Energy

BP Earnings Buoyed by Higher Prices, Production

courtesy of BP

BP PLC (NYSE: BP) reported second-quarter 2017 results before markets opened Tuesday. The oil and gas supermajor posted adjusted diluted earnings per American depositary share (ADS) of $0.21 on revenues of $57.37 billion. In the same period a year ago, the company reported earnings per ADS of $0.23 on revenues of $47.28 billion. Analysts estimated earnings per ADS of $0.18 on revenues of $48.88 billion. One ADS is equal to six ordinary shares.

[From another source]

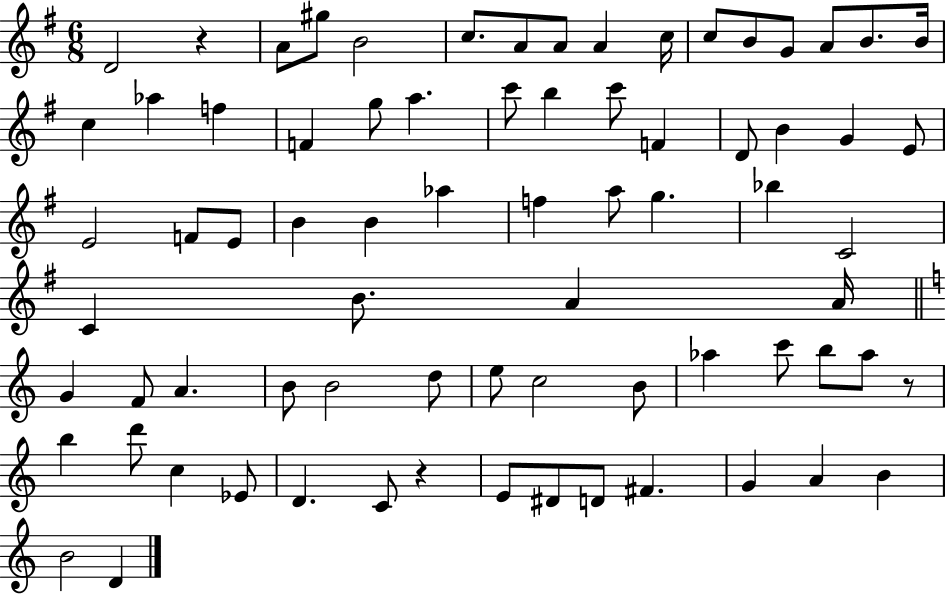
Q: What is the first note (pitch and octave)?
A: D4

BP’s adjusted replacement cost profit (essentially the company’s adjusted net income/loss) in the second quarter totaled $553 million, compared with a loss of $2.25 billion in the year-ago quarter. Unadjusted, the replacement cost profit totaled $144 million, or $0.17 per ADS, compared with a net loss of $1.42 billion and a net loss per ADS of $0.72 in the second quarter of 2016.

The company’s chief financial officer said in an interview that BP has lowered its break-even price from $60 a barrel (for Brent crude) in the first quarter of this year to $47 a barrel. That is good news for BP and its investors because prospects for a Brent price above $55 a barrel have dimmed. The company has set a break-even price target of $35 to $40 a barrel.

CEO Bob Dudley said:

We continue to position BP for the new oil price environment, with a continued tight focus on costs, efficiency and discipline in capital spending. We delivered strong operational performance in the first half of 2017 and have considerable strategic momentum coming into the rest of the year and 2018, with rising production from our new Upstream projects and marketing growth in the Downstream.

Daily average hydrocarbons production totaled 2.43 million barrels of oil equivalent, up by 9.9% from year-ago production of 2.21 million barrels. Sequentially, production rose about 1.8%.

BP’s price realizations for liquids fell from $49.87 a barrel in the first quarter of 2017 to $46.27. In the year-ago quarter the price realization was $39.68 a barrel. Natural gas averaged $3.19 per thousand cubic feet in the second quarter, down from $3.50 in the 2017 first quarter and up from $2.66 in the second quarter of 2016.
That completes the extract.